After the hearing, reporters followed up with Gargano. “In our agreement with the developer, we have an MOU that gives us the ability to enforce what we require them to do in terms of affordable housing," he said.

Is the MOU public?

Gargano said he’d have to check.

Would it typically be made public?

“It depends on where we are in the process,” Gargano replied.

“We’re still negotiating final terms,” Mildenberger said.

“We’re still negotiating,” Gargano chimed in. “But obviously when the negotiations are complete, all of those will be public documents.”

How could they be negotiating, Gargano was asked, given that the project was going to be put before the PACB on Wednesday.

“No, we’re not negotiating. We have an MOU,” Gargano said.

Mildenberger explained further why the MOU wasn’t public. “The final terms of the agreement” have not been reached, she said, adding that there would be MOUs between the developer and the city and the developer and the state.

So why is this going to the PACB?

“I think the fiscal terms of the project are already negotiated, and that’s what PACB would be most concerned about,” she responded.

A reasonable return

Gargano was asked about the developer’s return. “I have been told by my financial people that—I don’t have the numbers—but it’s a reasonable return on their investment,” he said. (In an August article in New York Magazine, a real estate expert estimated about a 25 percent return.)

So why did the ESDC let Forest City, in the 8% cut in project size, eliminate a disproportionate amount of commercial space, which, if filled, would generate more spinoff jobs and public revenue than would housing? (The ESDC attributed the nearly one-third cut in projected revenues to the 8% reduction.)
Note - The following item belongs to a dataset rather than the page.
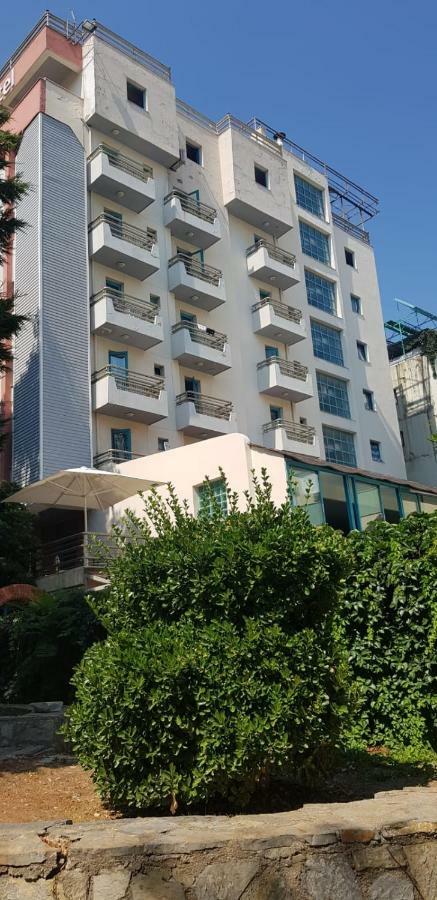 Uslan Hotel Кушадасы Экстерьер фото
“The developer is the sponsor of this project,” Gargano replied. “The city is the one that has looked at the project in terms of the makeup of the project, the size of the project and they have approved, the office of--”

“City Planning,” his interlocutor offered.

“They’re the ones that approved it,” Gargano continued.

But didn't City Planning simply address scale rather than the housing/office mix? The ESDC, Gargano declared, is not the project sponsor, and a developer has to “look at the market.”

Hint of changes

As for the project before the PACB for a possible vote today, Gargano said that it was was “basically the project that we put out for bid, with the possibility of doing some review for the Phase 2.”

Well, there was no bid, but his comment about Phase 2 raised some questions. What issues might be up for discussion? The mix of housing? The interim surface parking? The design of open space? We should know soon.